Il tuo cammino di gloria ha segnato punte massime: il 23 maggio 1987, quando il Papa Giovanni Paolo II andò a inginocchiarsi sulla tua tomba ( se, una cinquantina d'anni addietro, qualcuno avesse ipotizzato una cosa simile, sarebbe stato detto "pazzo", perché eri stato messo in quarantena, con la proibizione di celebrare la messa in pubblico, di confessare i fedeli e di ricevere i tuoi figli spirituali) - i12 maggio 1999, allorché Giovanni Paolo II ti proclamò Beato; e, il 16 giugno 2002, quando ti dichiarò Santo, alla presenza di una folla immensa. Ma perché, tu uomo all'antica, hai suscitato e susciti ancora tanto fascino? Per esserti sforzato di essere un autentico Sacerdote di Gesú! Avevi capito che il Sacerdote dev'essere per eccellenza uomo di Dio e lo fosti; che il Sacerdote non dev'essere come gli altri e non lo fosti; che il destino del Sacerdote deve identificarsi con quello di Gesú e con Gesú ti identificasti; che il Sacerdote difficilmente riesce ad essere "alter-Christus ", senza una grande devozione alla Madonna e la coltivasti, recitandoLe tanti Rosari per asciugare le lacrime di chi piangeva, anche per fame; per lenire il dolore di chi soffriva, anche per la libertà; per cancellare l'amarezza di chi era tradito, anche nell'amore; per addolcire il lutto di chi era rimasto orfano, vedovo - e per cancellare lo strazio, la disperazione di chi aveva peccato.
Preghiera
- Padre Pio, aiuta anche noi ad essere autentici uomini di fede. Non è mai
troppo tardi per darci a Dio. Però, non dobbiamo aspettare la grande ora:
questa non arriva mai senza i piccoli minuti; né dobbiamo attendere la
grande occasione: rischieremmo la disoccupazione per
tutta la vita. (padre Pio).
3°
GIORNO - Pietra viva
Padre
Pio, il Signore ti fece dono di non pochi e singolari carismi, ma anche di molte
e cocenti prove da essi derivanti. Cosí fosti oggetto di molte incomprensioni.
Ma tu riuscisti sempre a conservare la calma, perché "ti stringevi a
Cristo, pietra viva" (1 Pt 2,4) e diventasti tu stesso "pietra
viva" per la costruzione dell'edificio spirituale, che è la Chiesa.
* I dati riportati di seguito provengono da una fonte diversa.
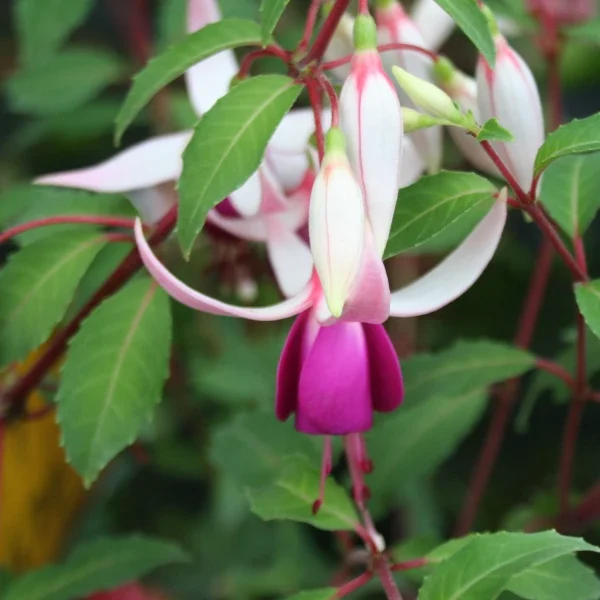 Fuchsia Angie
Per
questo, tanti - incontrandoti direttamente o indirettamente - ritrovavano la
fede; alla tua scuola, si sono moltiplicati, in ogni angolo del mondo, i
Gruppi di Preghiera.
A chi ti chiedeva cosa fare, tu proponevi la santità, ripetendo loro: "Sembra che Gesú non abbia altra cura per le mani se non quella di santlficare l'anima vostra" (Epist. II, pag 155).
Preghiera
- Padre Pio, aiuta anche noi a capire che la salvezza non sta nel pensare al
passato, ma nell'accorgerci del futuro; che Dio non ricorda piú quello che
abbiamo fatto, ma quello che accettiamo di essere; che il tempo che Dio è
disposto ancora a concederci deve servire a realizzare il sogno che Lui ha fatto
sulla nostra culla; che dobbiamo dire a Dio il nostro si: un si pieno, totale,
definitivo - come l'hai detto tu. Quel tuo si è rimasto sempre in piedi, anche
sul calvario.
Padre
Pio, aiuta anche noi a metterci dinanzi a un Crocifisso. Finalmente, capiremo
che sulla croce il Si di Dio è letteralmente "inchiodato", per
sempre. Scopriremo anche la tenuta malferma del nostro sí. Allora, anche
noi inizieremo ogni giorno, dicendoGli: "Signore, sia fatta la tua volontà".
4°
GIORNO - La scuola dell'amore
Padre
Pio, la Provvidenza ha voluto che tu agissi senza mai spostarti dal tuo
convento. Ciò non è senza significato - ha detto il Papa.
In
un momento di particolari prove, Gesú volle consolarti, dicendo: "Sotto la
croce s'impara ad amare" (Epist I, pag 339). Si, la croce di Cristo è
l'insigne scuola dell'amore; anzi, è la sorgente stessa dell'amore. Infatti,
sotto la croce, la tua carità si riversava come balsamo sulle debolezze e
sofferenze dei fratelli".
Allo
zelo per le anime (= i Gruppi di Preghiera) tu abbinasti l'attenzione per il
dolore umano (= La Casa Sollievo della Sofferenza), inculcando una medicina
"umanizzata", perché il sofferente ha bisogno, soprattutto, di un
clima umano e spirituale, che gli consenta di ritrovare se stesso nell'incontro
con l'amore di Dio e la tenerezza dei fratelli.
Insomma,
hai voluto mostrare che " i miracoli ordinari di Dio passano attraverso
la nostra carità". Infatti, chi non si dona è come un grano che non
germoglia. È morto due volte: nella realtà e nella speranza. L'egoismo
uccide chi si isola.
Preghiera
- Padre Pio, aiuta anche noi a capire che è impossibile coltivare la dimensione
verticale trascurando quella orizzontale. La croce è completa con le due
braccia: quello che sale verso l'alto e l'altro che si espande sulla terra.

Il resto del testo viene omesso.